Extraction of flow-level features along with their respective packet-level features from PCAP files.

The features are extracted using the `Feature_extractor_flow_packet_combined.py` script. These features can be utilized for various purposes beyond creating graph objects, as they offer complete information about each flow along with its associated packet details.


In [None]:
directory = Out_Directory+"\**\*pcap"
List_of_PCAP = glob.glob(directory)

Out_path= 'F:/CIC_IOT/' # Directory path where you want the csv files to be saved.
feature_Extractor ='/Utility/Feature_extractor_flow_packet_combined.py' # Script for extracting the features from PCAP files

for single_pcap_file in List_of_PCAP:
    print("Reading File: ",os.path.basename(single_pcap_file))
    # Running the feature extractor on the command line as sometime it has some issues while running in the notebook due to multi threading. 
    completed_process =subprocess.run(['python', feature_Extractor, single_pcap_file, Out_path], capture_output=True)
    os.remove(single_pcap_file) # Removing the pcap files as processed to save the disk storage
    List_of_PCAP.remove(single_pcap_file)
    print("**Extraction Completed For: ",os.path.basename(single_pcap_file),"**")

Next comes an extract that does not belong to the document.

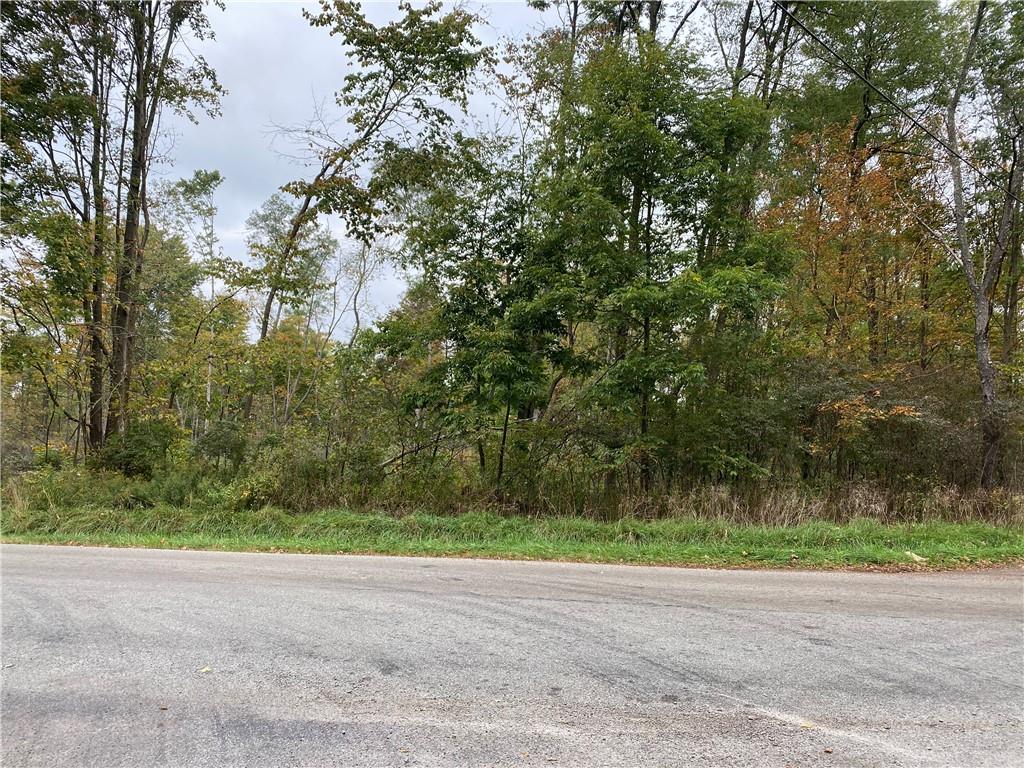 0 County Line And Deer Creek Roads Cochranton, PA 16314 - Photo 1 of 4 Gallery Image 1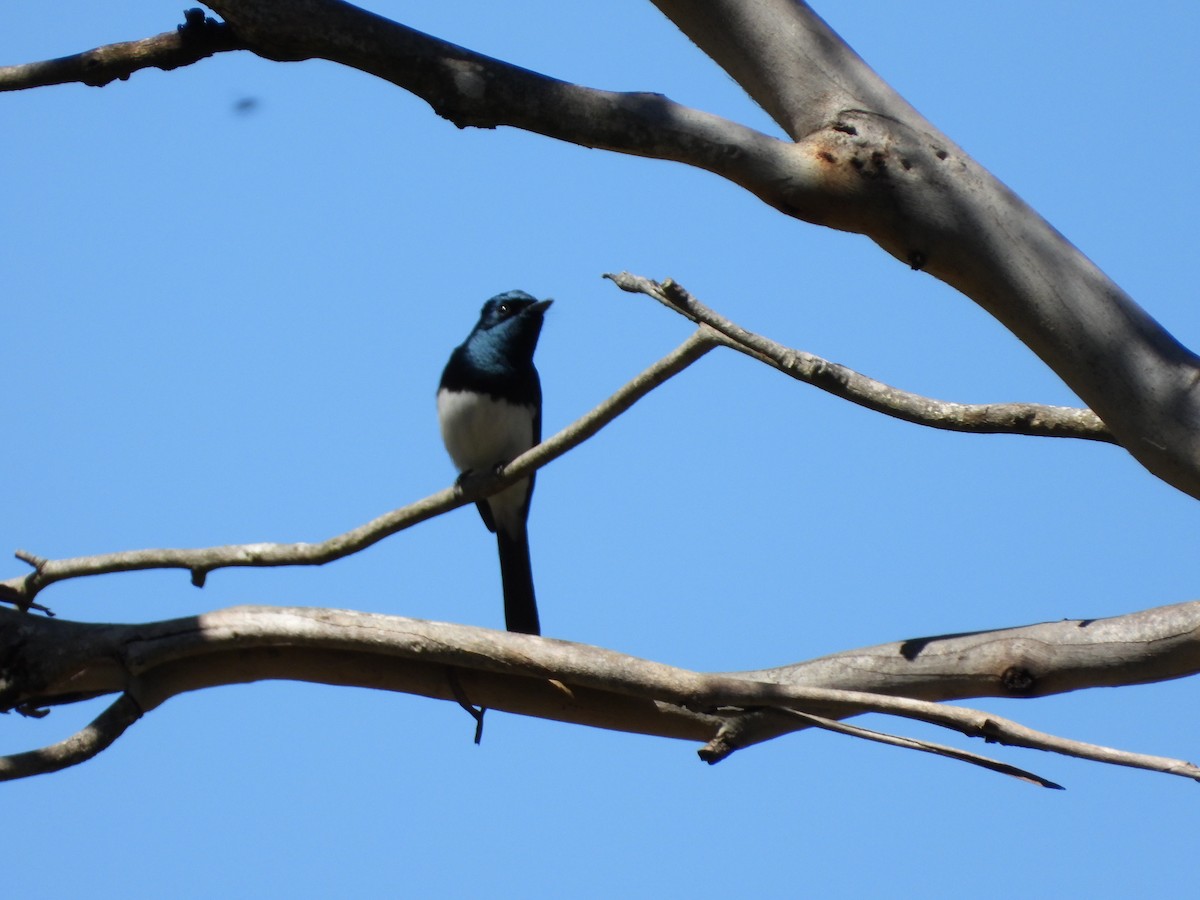 Satin Flycatcher - ML646548388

### Transformation into Graph Data Objects
Utilizing the extracted flow-level features along with their respective packets, the data object created is a heterogeneous graph consisting of two different types of nodes and two different types of edges. The nodes are:

1. Flow Node: Contains all flow-level statistical features.
2. Packet Node: Contains payload information transformed into byte-wise values.

The two different edges are:

1. Contain Edge: Links Flow Nodes and Packet Nodes along with some features.
2. Link Edge: Links Packet Nodes together with t-delta as its attribute.

In [None]:
## Dictionary for classifying Classes and Assigning them Class number for reference
Dict_x = {'Benign': 0 , 
          'WebBased': 1, 
          'Spoofing': 2,
          'Recon' : 3,
          'Mirai' : 4,
          'Dos' : 5,
          'DDos' : 6,
          'BruteForce': 7
         }

## Directory where graph data will be stored
dir = "F:/GNN_Project/data/"
## Directory where CSV files(Extracted Flow-level and packet-level inforamtion) is stored
Files =glob.glob(Out_path+"/*.csv") ## This will list all the files from which graph data objects will be created.


Since the CIC-IoT2023 dataset is large and has imbalanced instances of classes, we have performed data processing (over/under sampling) to achieve a balanced dataset for ease of training and to address the imbalance problem. To follow the pre-processing steps, please refer to the notebook: `Data_preprocessing_CIC-IoT2023.ipynb`.



In [None]:
## Generation of graph data obejcts.
data_Hetero = NIDSDataset(root=dir, label_dict=Dict_x, filename=Files, skip_processing=False, test=True, single_file=True)

PARAMETERS 

- **root** (`str`): Root directory where the graph objects should be saved.

- **label_dict** (`Dict`): Dictionary for assigning labels to each attack class.

- **filename** (`List[str]`): List of CSV file paths to be used for the development of graph objects.

- **skip_processing** (`bool`): If set to `True`, skips the generation of graph objects and utilizes the ones present in the root directory. (default: `False`)

- **test** (`bool`): If set to `True`, generates data objects for testing by creating data objects with a test suffix. (default: `False`)

- **single_file** (`bool`): If set to True, the provided CSV files is a single file with Label column within CSV.  (default: `False`)